Dataset excerpt:
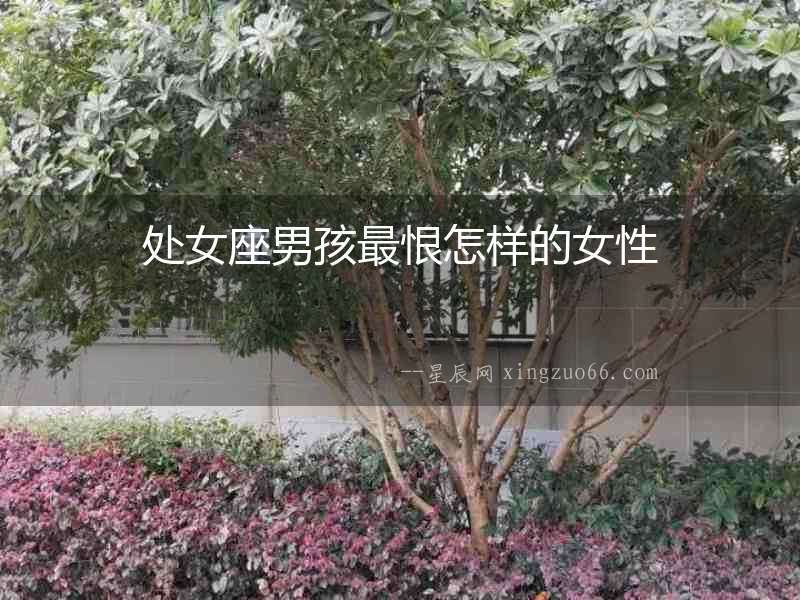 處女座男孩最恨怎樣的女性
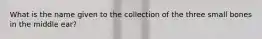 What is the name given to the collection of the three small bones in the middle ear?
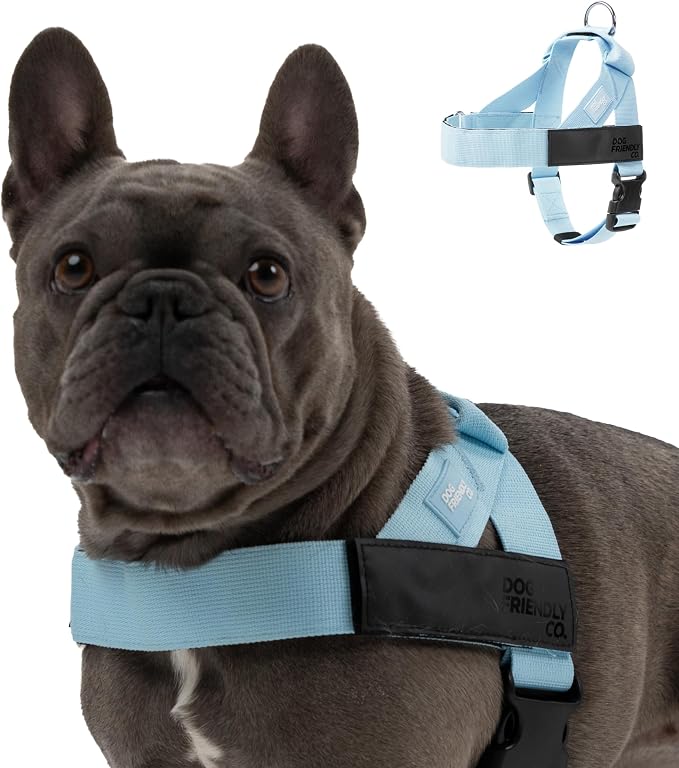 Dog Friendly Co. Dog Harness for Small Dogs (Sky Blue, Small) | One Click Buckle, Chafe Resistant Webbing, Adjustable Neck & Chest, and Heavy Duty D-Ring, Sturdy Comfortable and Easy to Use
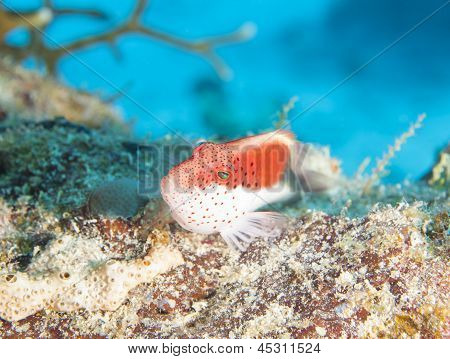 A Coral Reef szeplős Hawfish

Task to carry out:
Every line above has to be output exactly; the pictures must be dropped.

Result:
 處女座男孩最恨怎樣的女性
 What is the name given to the collection of the three small bones in the middle ear?
 Dog Friendly Co. Dog Harness for Small Dogs (Sky Blue, Small) | One Click Buckle, Chafe Resistant Webbing, Adjustable Neck & Chest, and Heavy Duty D-Ring, Sturdy Comfortable and Easy to Use
 A Coral Reef szeplős Hawfish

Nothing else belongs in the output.